Source code for desietc.calculator

"""High-level calculator for online exposure-time forecasts.
"""
from __future__ import print_function, division

import numpy as np

import scipy.interpolate

import sklearn.gaussian_process


[docs]class Calculator(object):
    """Create a new calculator object for a single spectrograph exposure.

    Model the time-evolution of independent signal and background rate
    estimators, and use models to forecast the currently acheived signal-to-
    noise ratio (SNR) and the remaining exposure time.

    Register updates to the estimated signal and background rates using
    :meth:`update_signal` and :meth:`update_background`, respectively.
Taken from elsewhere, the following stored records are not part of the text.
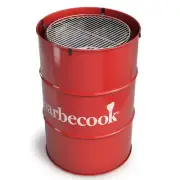 Barbecook® | Edson Barbecue | Barrel BBQ | Charcoal | Firepit | Red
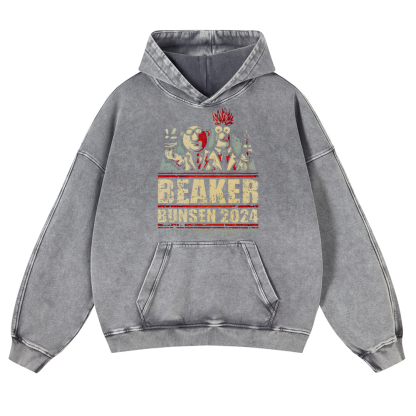 Beaker Bunsen 2024 Vintage Washed Thick Cotton Hoodie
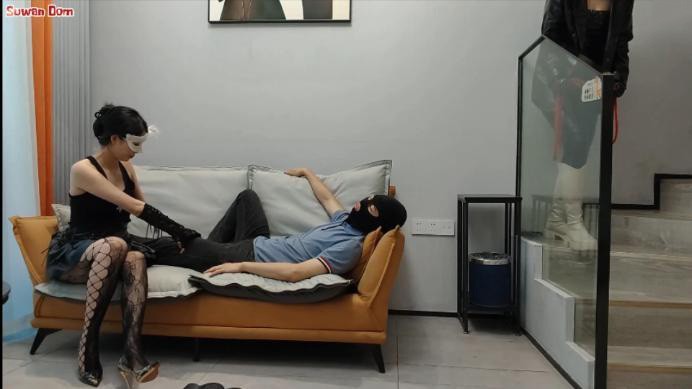 图片[8]_婉儿原创 两名皮衣女特工绞杀间谍 婉儿剧情 YC-241123-7_HD绳艺资源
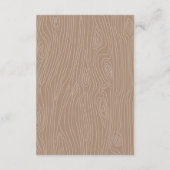 Woodland Friends赤ちゃんシャワー挿入カード エンクロージャーカード (裏面)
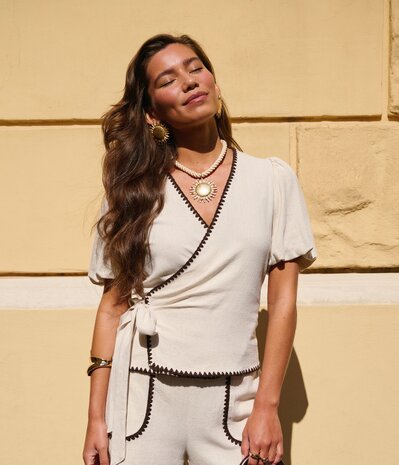 YDENCE Y | Top Ellis |Top || Ellis || Ecru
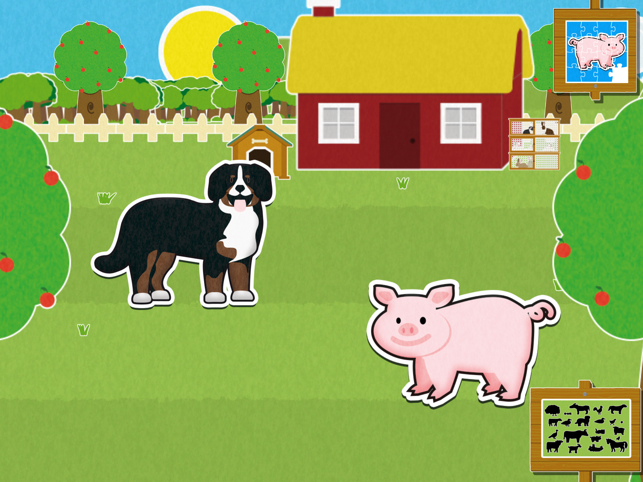 Farm animals in French for 2-5 years old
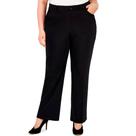Calça Feminina Plus Size, Alfaiataria Com Bolsos, Até 58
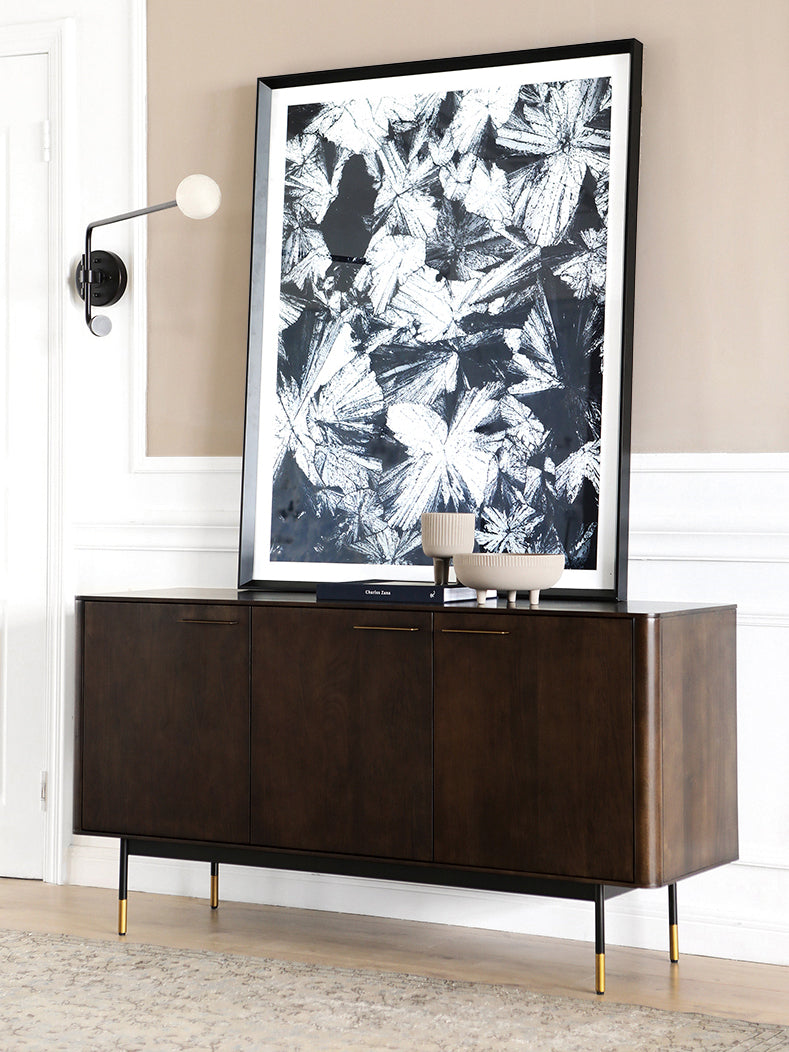 AMORA Chicago HILTON Nordic Solid Wood Sideboard Buffet Cabinet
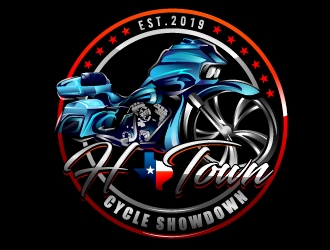 H-Town Cycle Showdown logo design by Suvendu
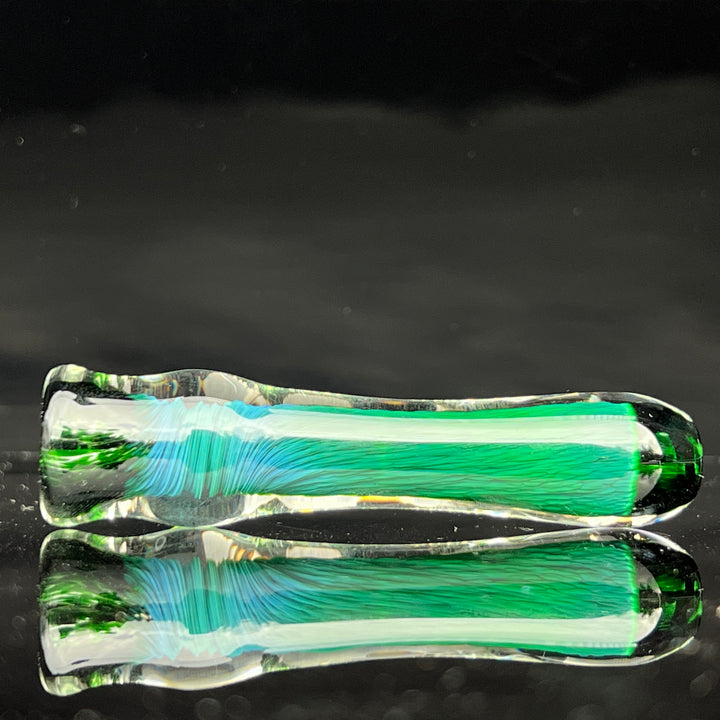 Thick Exp Green Chillum Glass Pipe Chuck Glass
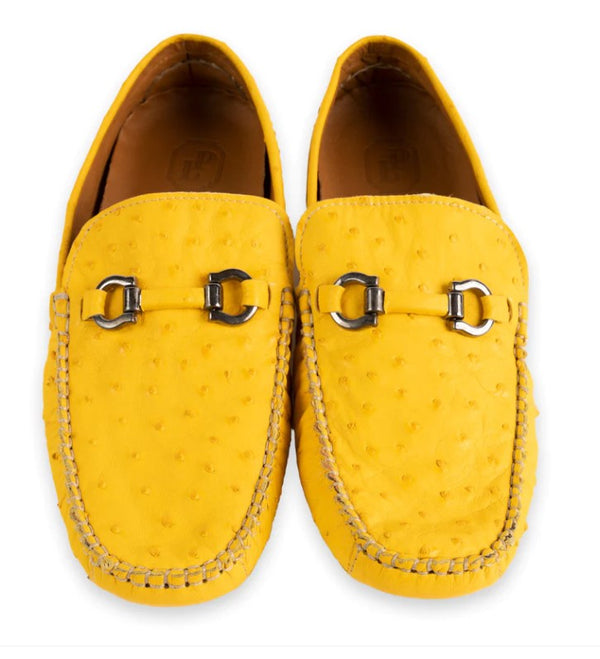 Pelle Palm Beach Ostrich Driver - Yellow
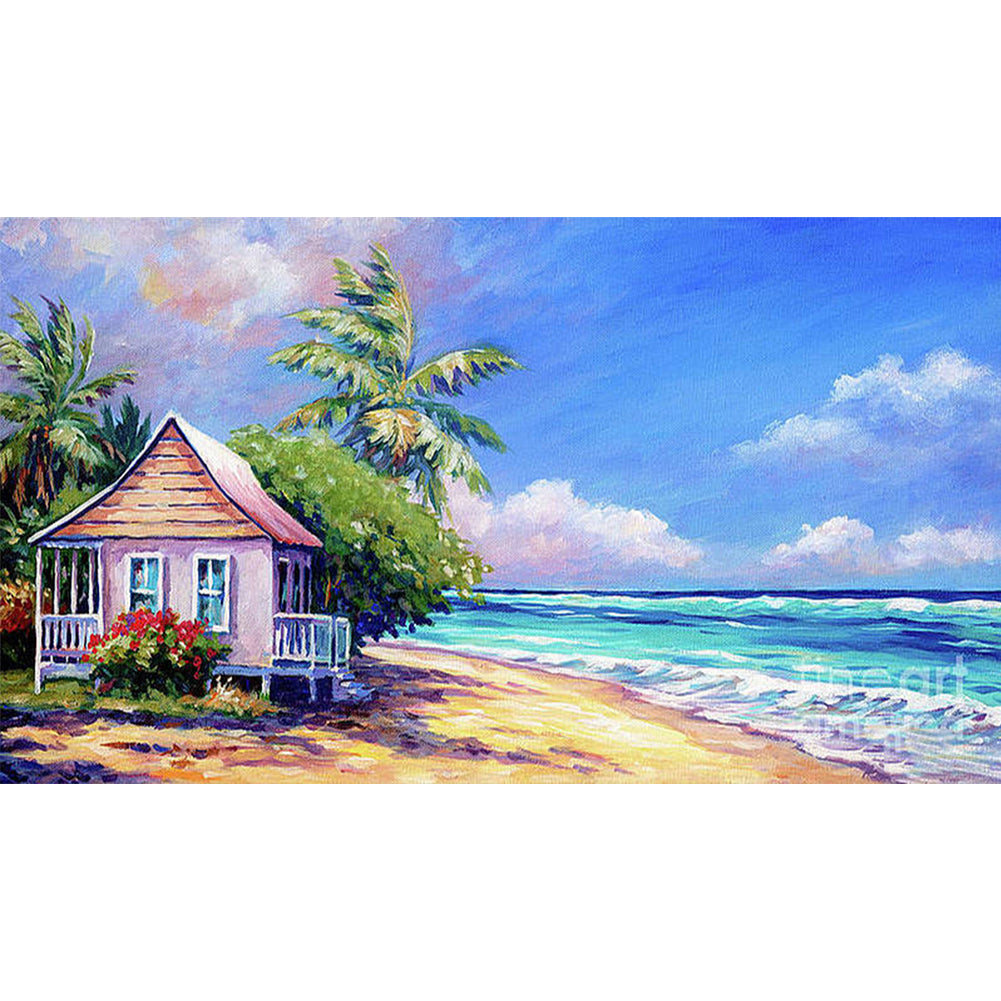 Breeze Floats On The Sea - Full Round Drill Diamond Painting 80*40CM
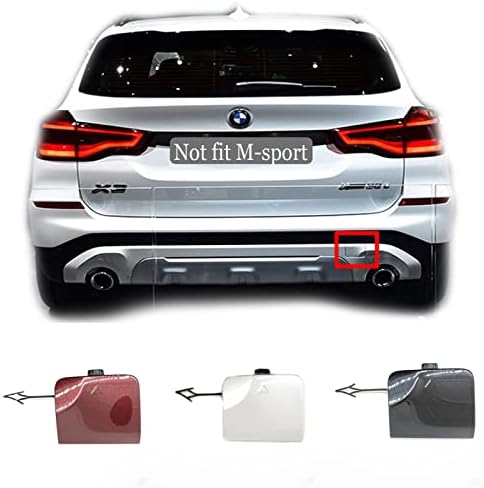 TRIMLA stražnji poklopac za vuču za 18-21 BMW X3 G01 FIT 18D 20DX 20I 20IX 25DX 30DX 30EX 30IX 2018 2019 2020 XDrive SDRIVE BUMPER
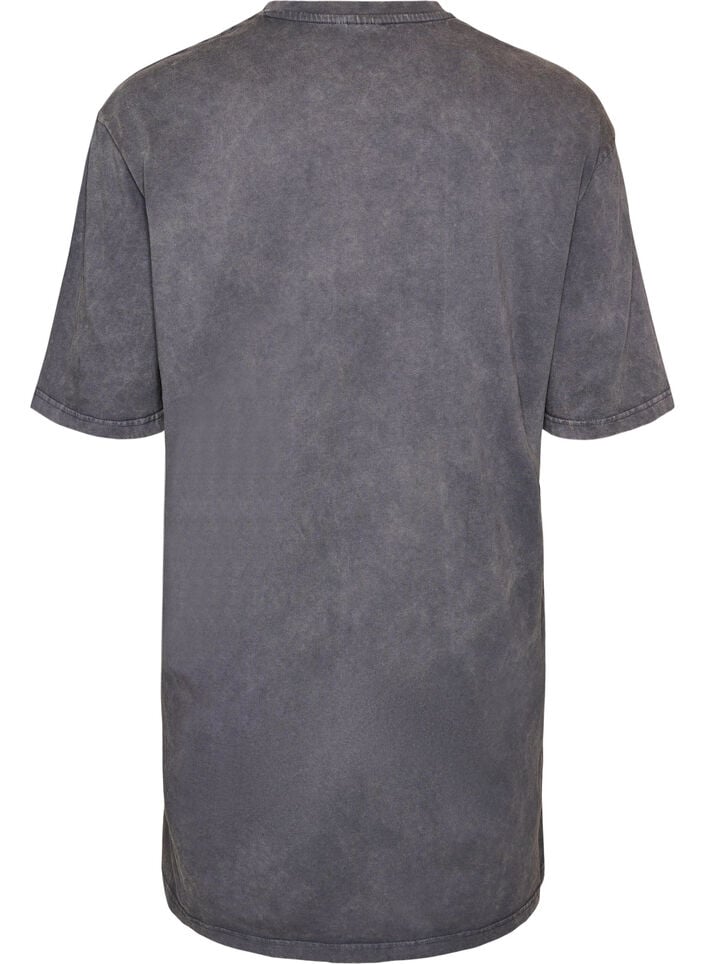 L&oslash;s T-shirtkjole med vasket look, Gr&aring;, Packshot image number 1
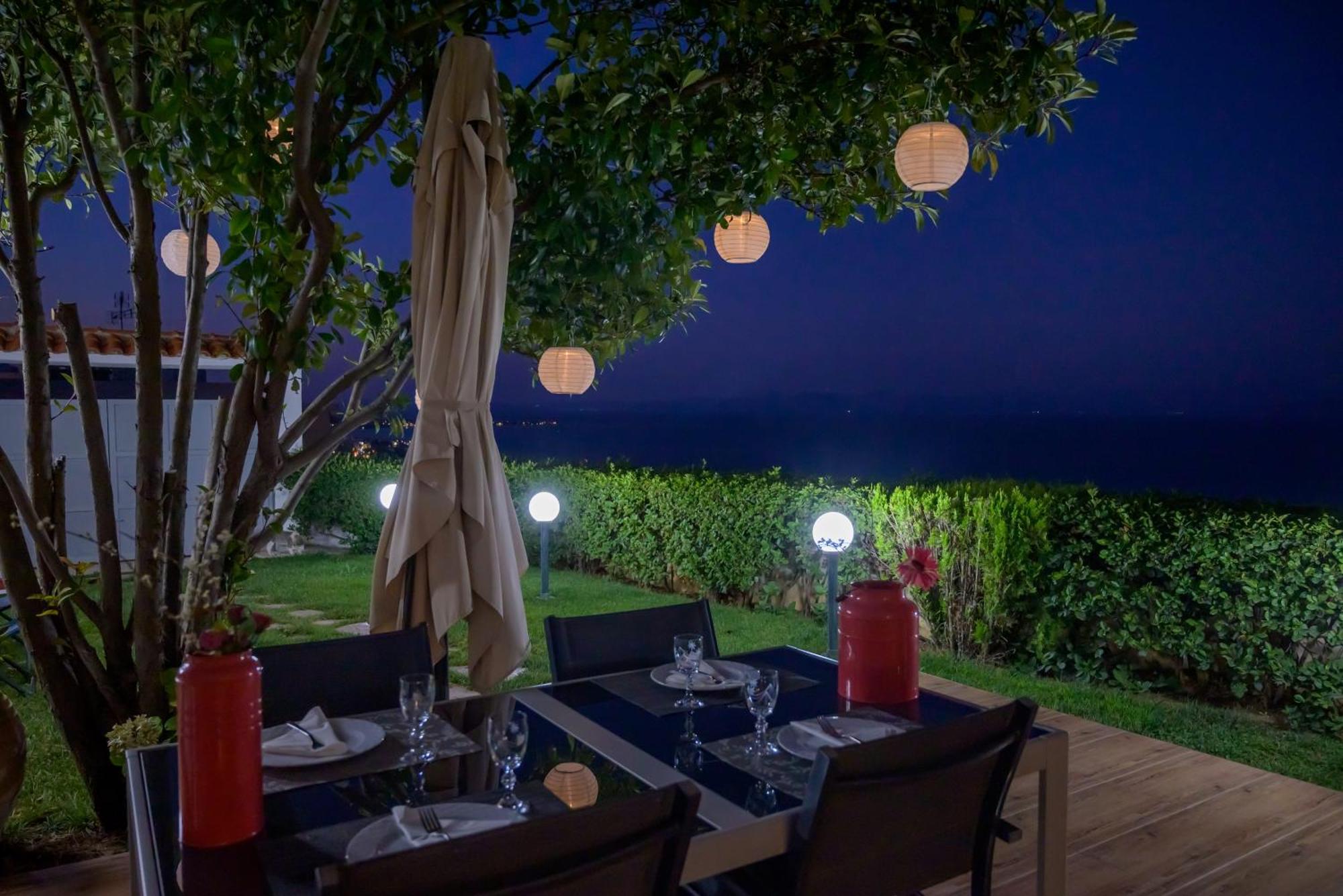 Harris Elegant House Superb View Near Airport Apartment Artemida  Bagian luar foto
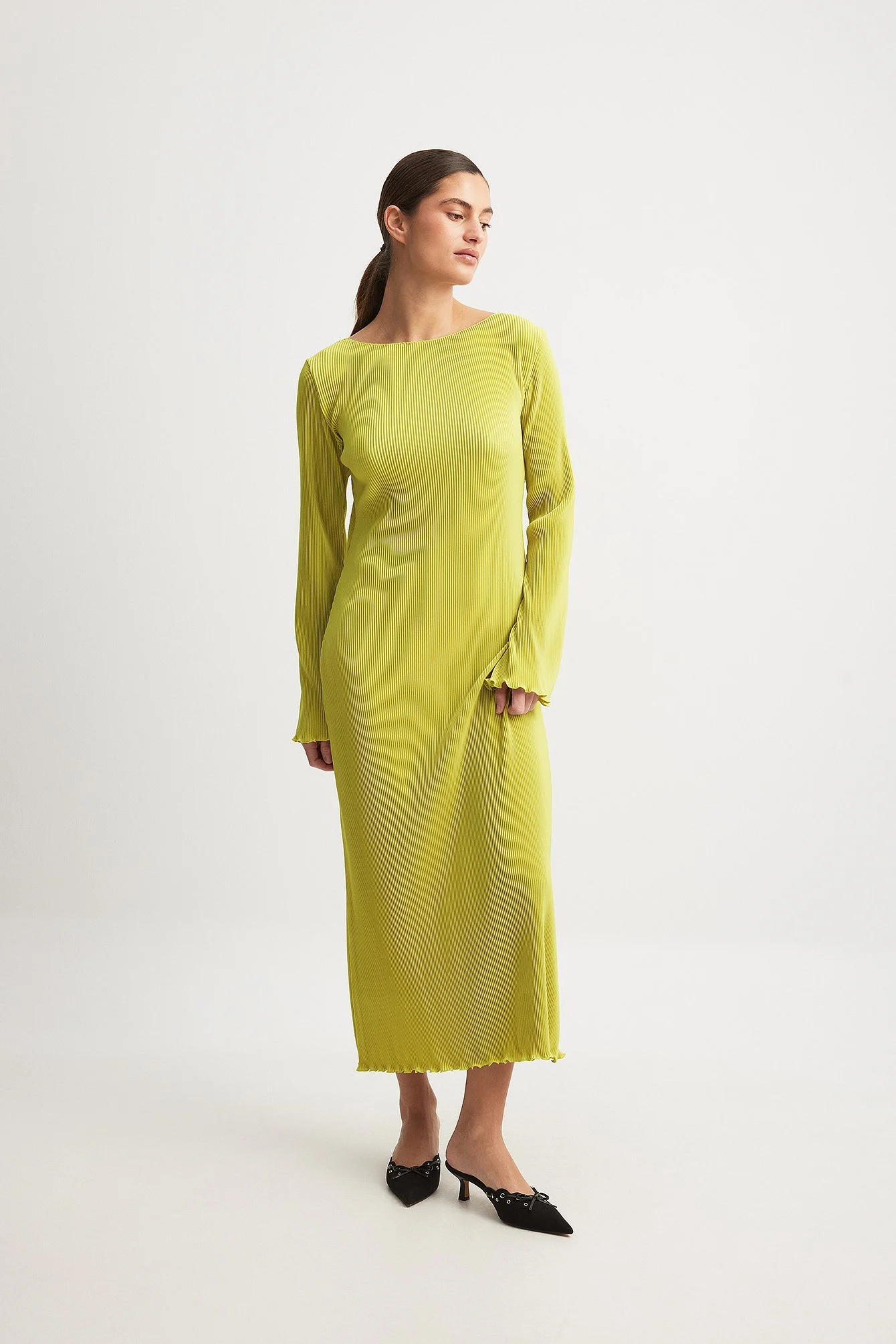 Midikleid mit Falten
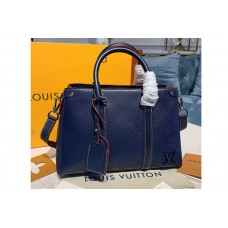 Louis Vuitton M55613 LV Soufflot BB Bags in Blue Epi Leather Louis Vuitton M55613 LV Soufflot BB Bags in Blue Epi Leather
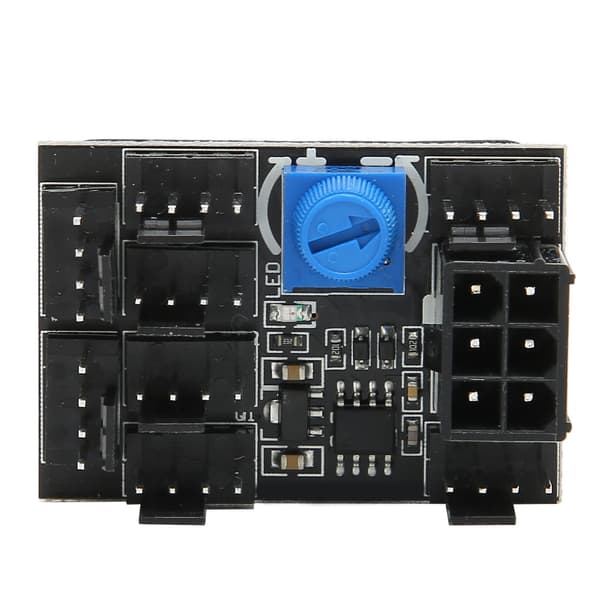PWM blæserhub PCB sort høj effekt nem installation stationær computer køleblæserfordeler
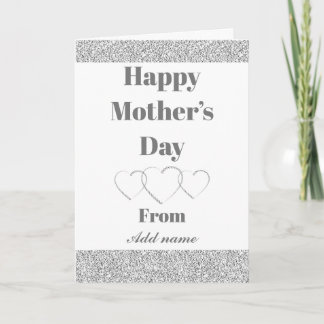 Tarjeta personalizada del Día de la Madre especial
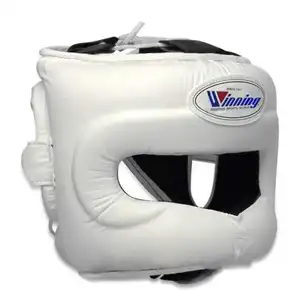 Chất Lượng Hàng Đầu Tùy Chỉnh Chiến Thắng Mặt Thanh Head Guard Kick Boxing MMA Muay Thái Head Guard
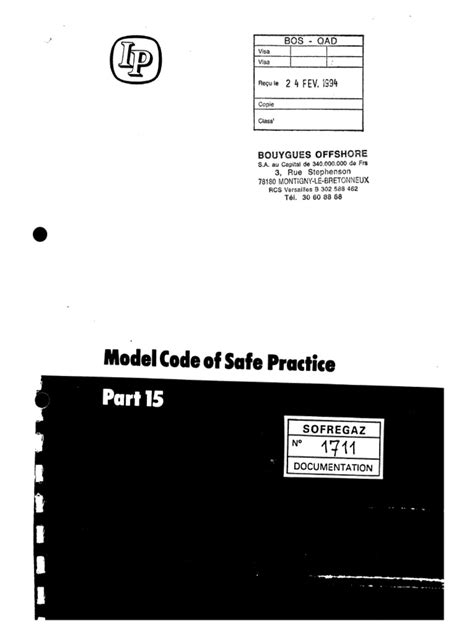 Model code of safe practice ip 15 Ebook Doc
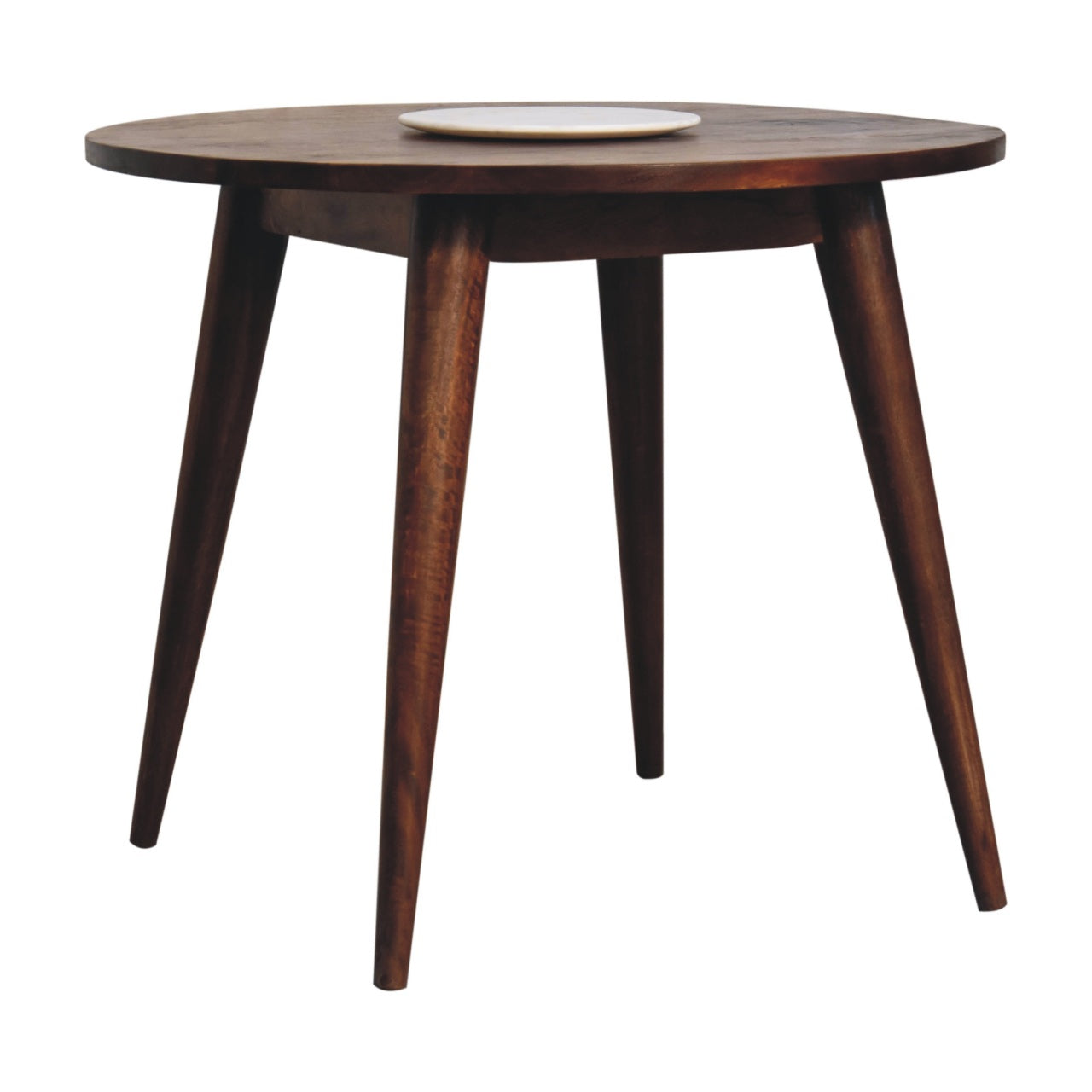 Sirmione Chestnut Round Nordic Dining Table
The
    model is initialized with an initial guess at these rates which is
    gradually replaced by actual rate updates.  The signal and background
    rate estimates are assumed to be statistically independent.

    Use :meth:`will_timeout`, :meth:`get_snr_now` and :meth:`get_remaining` to
    query the latest models.

    The target SNR is calculated as :math:`S/\sqrt(S+B)` where
    :math:`S = \\alpha s` and :math:`B = \\beta b` are calibrated versions of
    the estimates :math:`s` and :math:`b` passed to :meth:`update_signal` and
    :meth:`update_background`.  The dimensions of :math:`a`, :math:`b`,
    :math:`\\alpha`, and :math:`\\beta` are arbitrary, but the combinations
    :math:`S = \\alpha s` and :math:`B = \\beta b` must be dimensionless and
    scaled appropriately to have counting statistics.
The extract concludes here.